PROVIDED DATA:
----
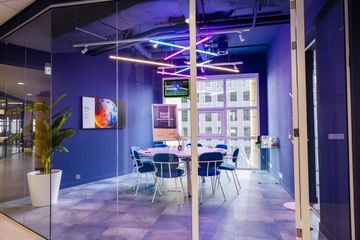 Rotterdam Coworking Business Center Proton Room image 1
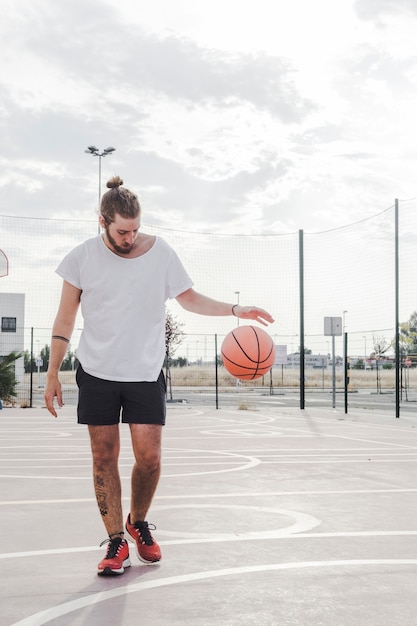 Spieler, der Basketball im Gericht tröpfelt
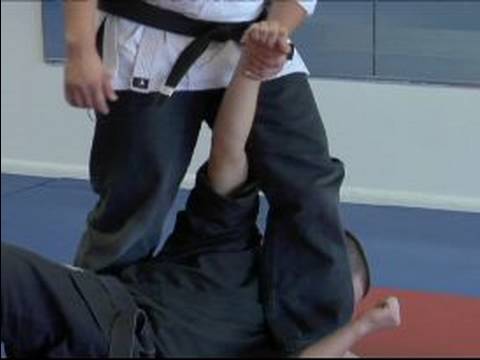 Osoto Gari Karşı Bir Yumruk Atmak İçin Bir Jujitsu Nasıl Kullanılacağı Atar Ve Boğulur Jujitsu :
----
PROBLEM REQUIREMENTS:
Transcribe the full listing above exactly, with the images removed.

SOLVED EXERCISE:
 Rotterdam Coworking Business Center Proton Room image 1
 Spieler, der Basketball im Gericht tröpfelt
 Osoto Gari Karşı Bir Yumruk Atmak İçin Bir Jujitsu Nasıl Kullanılacağı Atar Ve Boğulur Jujitsu :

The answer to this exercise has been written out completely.